SAMARINDA — Polemik teknis dalam pelaksanaan Program Gratispol di Kalimantan Timur mendapatkan sorotan tajam dari DPRD. Syahariah Mas'ud, anggota Komisi IV DPRD Kaltim, mendesak agar kendala seperti sosialisasi yang minim, verifikasi data yang bermasalah, dan informasi yang tidak tersampaikan dengan baik tidak hanya menjadi keluhan mahasiswa, tetapi menjadi bahan evaluasi serius bagi kampus dan pihak terkait.
“Kita tentu mengapresiasi kritik dan masukan dari mahasiswa. Tetapi di saat yang sama, kita juga perlu melihat secara jernih di mana letak persoalan sebenarnya,” ujar Syahariah dalam keterangannya.

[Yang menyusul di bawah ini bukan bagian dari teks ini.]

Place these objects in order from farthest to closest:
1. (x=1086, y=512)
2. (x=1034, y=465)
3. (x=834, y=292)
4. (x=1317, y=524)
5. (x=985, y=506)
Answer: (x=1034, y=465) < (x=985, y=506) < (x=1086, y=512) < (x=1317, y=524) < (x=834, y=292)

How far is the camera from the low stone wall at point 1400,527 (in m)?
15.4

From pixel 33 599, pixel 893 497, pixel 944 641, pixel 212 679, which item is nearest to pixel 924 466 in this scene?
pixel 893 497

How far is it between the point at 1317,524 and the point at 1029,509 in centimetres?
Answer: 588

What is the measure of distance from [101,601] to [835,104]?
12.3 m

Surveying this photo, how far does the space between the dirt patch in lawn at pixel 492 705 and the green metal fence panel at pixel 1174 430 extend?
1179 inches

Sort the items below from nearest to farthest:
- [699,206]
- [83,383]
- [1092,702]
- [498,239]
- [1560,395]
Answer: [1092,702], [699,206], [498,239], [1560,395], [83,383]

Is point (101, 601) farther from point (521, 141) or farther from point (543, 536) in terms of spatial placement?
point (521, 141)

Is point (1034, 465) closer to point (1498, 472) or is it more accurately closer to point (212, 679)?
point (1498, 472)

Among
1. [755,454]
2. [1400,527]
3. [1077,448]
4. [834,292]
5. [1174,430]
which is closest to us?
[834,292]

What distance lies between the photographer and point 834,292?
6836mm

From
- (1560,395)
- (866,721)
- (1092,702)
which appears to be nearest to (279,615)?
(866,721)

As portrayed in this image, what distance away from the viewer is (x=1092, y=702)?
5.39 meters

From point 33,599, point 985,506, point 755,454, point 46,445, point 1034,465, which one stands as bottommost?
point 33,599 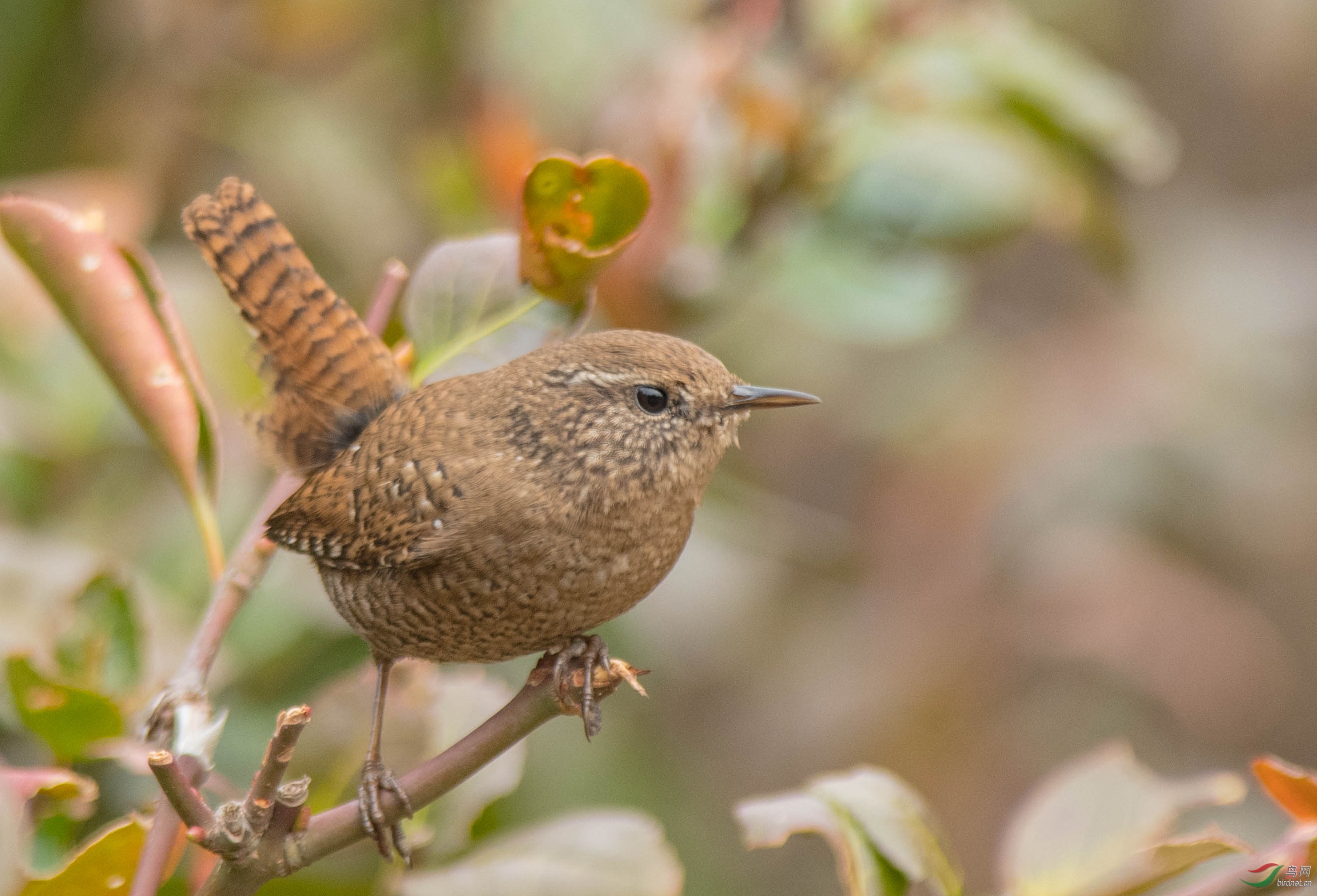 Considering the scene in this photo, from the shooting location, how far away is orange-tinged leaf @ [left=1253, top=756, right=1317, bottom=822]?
1.17m

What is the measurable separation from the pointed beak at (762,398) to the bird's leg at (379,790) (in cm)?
49

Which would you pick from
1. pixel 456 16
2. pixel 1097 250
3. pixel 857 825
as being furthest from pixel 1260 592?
pixel 857 825

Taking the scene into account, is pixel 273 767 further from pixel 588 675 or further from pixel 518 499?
pixel 518 499

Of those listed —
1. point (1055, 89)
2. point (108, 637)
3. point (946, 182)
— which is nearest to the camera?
point (108, 637)

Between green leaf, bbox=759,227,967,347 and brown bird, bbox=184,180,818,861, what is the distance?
926 mm

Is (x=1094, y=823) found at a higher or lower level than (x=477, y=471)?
lower

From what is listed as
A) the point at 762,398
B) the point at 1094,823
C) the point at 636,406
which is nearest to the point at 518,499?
the point at 636,406

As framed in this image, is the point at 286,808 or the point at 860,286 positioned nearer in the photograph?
the point at 286,808

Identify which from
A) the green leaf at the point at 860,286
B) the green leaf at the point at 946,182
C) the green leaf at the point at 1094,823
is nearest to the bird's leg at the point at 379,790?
the green leaf at the point at 1094,823

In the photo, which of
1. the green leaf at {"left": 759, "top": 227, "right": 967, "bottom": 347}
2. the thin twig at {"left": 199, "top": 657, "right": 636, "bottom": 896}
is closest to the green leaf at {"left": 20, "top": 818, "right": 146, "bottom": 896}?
the thin twig at {"left": 199, "top": 657, "right": 636, "bottom": 896}

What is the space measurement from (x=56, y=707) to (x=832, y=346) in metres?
2.63

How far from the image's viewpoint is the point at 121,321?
136cm

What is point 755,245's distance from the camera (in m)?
2.37

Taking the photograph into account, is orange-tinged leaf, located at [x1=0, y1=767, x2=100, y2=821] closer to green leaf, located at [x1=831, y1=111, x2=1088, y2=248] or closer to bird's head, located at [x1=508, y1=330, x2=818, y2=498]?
bird's head, located at [x1=508, y1=330, x2=818, y2=498] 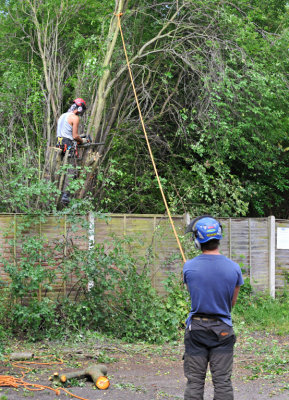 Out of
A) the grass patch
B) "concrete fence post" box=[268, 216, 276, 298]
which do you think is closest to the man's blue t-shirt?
the grass patch

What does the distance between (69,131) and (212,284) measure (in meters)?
6.32

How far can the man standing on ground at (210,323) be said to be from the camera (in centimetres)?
421

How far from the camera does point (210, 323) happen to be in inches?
167

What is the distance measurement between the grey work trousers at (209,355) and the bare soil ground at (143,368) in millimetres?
1766

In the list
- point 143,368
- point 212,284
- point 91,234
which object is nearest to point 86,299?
point 91,234

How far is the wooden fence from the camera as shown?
892cm

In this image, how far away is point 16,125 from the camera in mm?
11477

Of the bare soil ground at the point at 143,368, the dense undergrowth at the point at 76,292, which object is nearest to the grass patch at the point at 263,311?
the bare soil ground at the point at 143,368

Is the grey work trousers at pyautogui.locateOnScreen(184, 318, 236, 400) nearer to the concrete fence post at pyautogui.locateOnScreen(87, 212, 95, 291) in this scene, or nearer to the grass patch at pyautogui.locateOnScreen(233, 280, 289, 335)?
the concrete fence post at pyautogui.locateOnScreen(87, 212, 95, 291)

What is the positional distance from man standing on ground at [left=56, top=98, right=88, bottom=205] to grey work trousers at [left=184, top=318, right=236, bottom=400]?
5.84 meters

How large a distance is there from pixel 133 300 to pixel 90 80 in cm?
488

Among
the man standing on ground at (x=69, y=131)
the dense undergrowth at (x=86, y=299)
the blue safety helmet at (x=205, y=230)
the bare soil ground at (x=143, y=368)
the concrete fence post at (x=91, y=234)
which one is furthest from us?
the man standing on ground at (x=69, y=131)

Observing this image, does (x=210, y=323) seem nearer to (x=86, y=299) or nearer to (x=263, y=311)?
(x=86, y=299)

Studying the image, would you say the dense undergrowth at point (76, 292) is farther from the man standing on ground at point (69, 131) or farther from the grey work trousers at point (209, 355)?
the grey work trousers at point (209, 355) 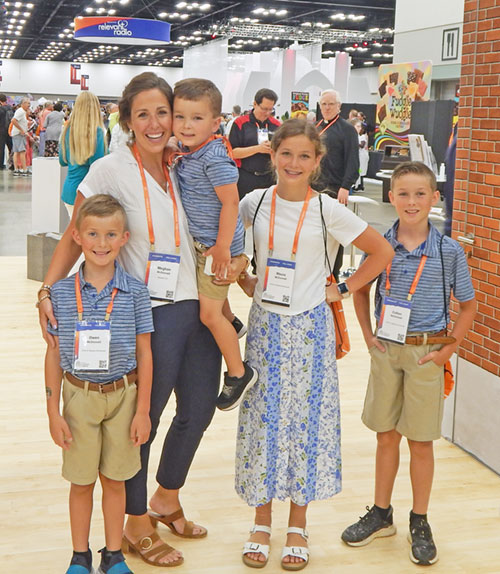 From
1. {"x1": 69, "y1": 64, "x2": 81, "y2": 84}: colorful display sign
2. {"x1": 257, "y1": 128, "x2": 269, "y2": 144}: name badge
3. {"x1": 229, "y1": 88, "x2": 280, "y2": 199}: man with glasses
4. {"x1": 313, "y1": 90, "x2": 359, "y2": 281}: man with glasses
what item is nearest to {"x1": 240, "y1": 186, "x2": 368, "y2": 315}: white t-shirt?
{"x1": 313, "y1": 90, "x2": 359, "y2": 281}: man with glasses

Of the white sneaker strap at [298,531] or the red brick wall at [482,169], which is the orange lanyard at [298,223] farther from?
the red brick wall at [482,169]

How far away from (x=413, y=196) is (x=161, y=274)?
88 centimetres

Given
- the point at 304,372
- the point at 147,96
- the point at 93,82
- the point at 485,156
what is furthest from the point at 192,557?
the point at 93,82

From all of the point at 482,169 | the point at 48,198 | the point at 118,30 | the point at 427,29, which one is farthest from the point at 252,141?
the point at 118,30

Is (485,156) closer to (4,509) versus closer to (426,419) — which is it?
(426,419)

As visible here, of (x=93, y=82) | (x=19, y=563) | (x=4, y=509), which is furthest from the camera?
(x=93, y=82)

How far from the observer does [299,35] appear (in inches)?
1146

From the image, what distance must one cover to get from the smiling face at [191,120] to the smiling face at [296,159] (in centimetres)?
28

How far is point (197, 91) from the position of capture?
2148 millimetres

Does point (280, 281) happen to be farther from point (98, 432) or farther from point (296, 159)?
point (98, 432)

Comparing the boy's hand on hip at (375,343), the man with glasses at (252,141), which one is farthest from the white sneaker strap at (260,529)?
the man with glasses at (252,141)

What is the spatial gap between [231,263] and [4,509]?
1393mm

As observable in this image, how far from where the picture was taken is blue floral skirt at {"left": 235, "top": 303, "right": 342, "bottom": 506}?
2426 millimetres

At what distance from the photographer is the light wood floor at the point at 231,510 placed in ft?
8.38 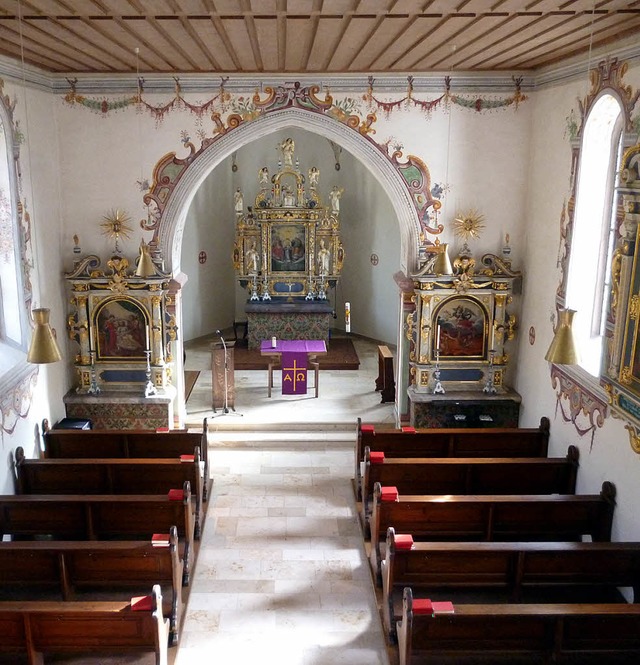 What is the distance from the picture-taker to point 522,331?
11453 mm

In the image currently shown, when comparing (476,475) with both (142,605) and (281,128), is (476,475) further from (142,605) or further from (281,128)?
(281,128)

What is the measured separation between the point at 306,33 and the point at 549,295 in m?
5.25

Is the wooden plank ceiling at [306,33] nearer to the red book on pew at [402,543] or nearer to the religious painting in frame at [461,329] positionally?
the religious painting in frame at [461,329]

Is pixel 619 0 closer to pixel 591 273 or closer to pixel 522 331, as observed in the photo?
pixel 591 273

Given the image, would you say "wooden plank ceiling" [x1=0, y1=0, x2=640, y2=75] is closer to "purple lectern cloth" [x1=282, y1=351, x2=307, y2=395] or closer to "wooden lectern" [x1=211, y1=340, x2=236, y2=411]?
"wooden lectern" [x1=211, y1=340, x2=236, y2=411]

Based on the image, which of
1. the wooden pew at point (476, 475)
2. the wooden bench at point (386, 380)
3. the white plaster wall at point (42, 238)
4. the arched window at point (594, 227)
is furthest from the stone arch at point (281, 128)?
the wooden pew at point (476, 475)

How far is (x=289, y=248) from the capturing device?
57.9 feet

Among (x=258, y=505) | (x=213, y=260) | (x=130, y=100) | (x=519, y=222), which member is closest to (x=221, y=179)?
(x=213, y=260)

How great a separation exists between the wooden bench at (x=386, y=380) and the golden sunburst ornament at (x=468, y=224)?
3.50 m

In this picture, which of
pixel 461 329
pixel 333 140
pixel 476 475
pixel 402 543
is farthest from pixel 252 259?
pixel 402 543

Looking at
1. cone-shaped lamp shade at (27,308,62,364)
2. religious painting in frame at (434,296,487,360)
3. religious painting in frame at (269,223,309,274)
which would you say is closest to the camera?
cone-shaped lamp shade at (27,308,62,364)

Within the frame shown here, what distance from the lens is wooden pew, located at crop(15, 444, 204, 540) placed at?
Answer: 873cm

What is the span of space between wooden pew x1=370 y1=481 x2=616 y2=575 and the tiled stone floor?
0.83 metres

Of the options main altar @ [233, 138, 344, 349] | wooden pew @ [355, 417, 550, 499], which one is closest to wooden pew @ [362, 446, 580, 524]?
wooden pew @ [355, 417, 550, 499]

Pemerintah Provinsi Kaltim telah mengalokasikan anggaran besar untuk program pendidikan gratis ini. Hingga kini, lebih dari 63 ribu mahasiswa telah menerima manfaat dengan total penyaluran mencapai Rp 288,5 miliar. Bahkan, pada tahun 2026, Pemprov Kaltim telah menyiapkan anggaran sekitar Rp 1,3 triliun untuk memperluas cakupan penerima.
Namun, Syahariah menyoroti ironi di balik angka tersebut. Masih ada dana sekitar Rp 2,1 miliar yang tidak terserap karena mahasiswa yang sebenarnya memenuhi syarat tidak melakukan pendaftaran. Menurutnya, ini menunjukkan bahwa persoalan tidak selalu pada ketersediaan anggaran, tetapi pada efektivitas penyampaian informasi.
“Kadang kita terlalu fokus membahas anggaran yang belum cair, tetapi lupa bertanya mengapa ada anggaran yang sudah tersedia justru tidak sempat diakses. Ini menjadi pengingat bahwa informasi ternyata tidak selalu bergerak secepat pemberitaan yang beredar di media sosial,” katanya.
Syahariah juga menyoroti polemik penyesuaian Uang Kuliah Tunggal (UKT) yang sempat membingungkan mahasiswa. Ia menilai perguruan tinggi seharusnya menjadi sumber informasi utama yang memberikan kepastian kebijakan, bukan justru membuat mahasiswa kebingungan.
“Jangan sampai mahasiswa lebih cepat mengetahui informasi dari grup percakapan dibandingkan dari institusinya sendiri,” tegasnya.
Ia juga menyinggung kasus mahasiswa yang sempat dinyatakan lolos program namun kemudian dibatalkan karena tidak memenuhi persyaratan. Menurutnya, proses penyaringan dan penjelasan syarat harus dilakukan secara cermat sejak awal agar tidak menimbulkan harapan yang berujung pada kekecewaan.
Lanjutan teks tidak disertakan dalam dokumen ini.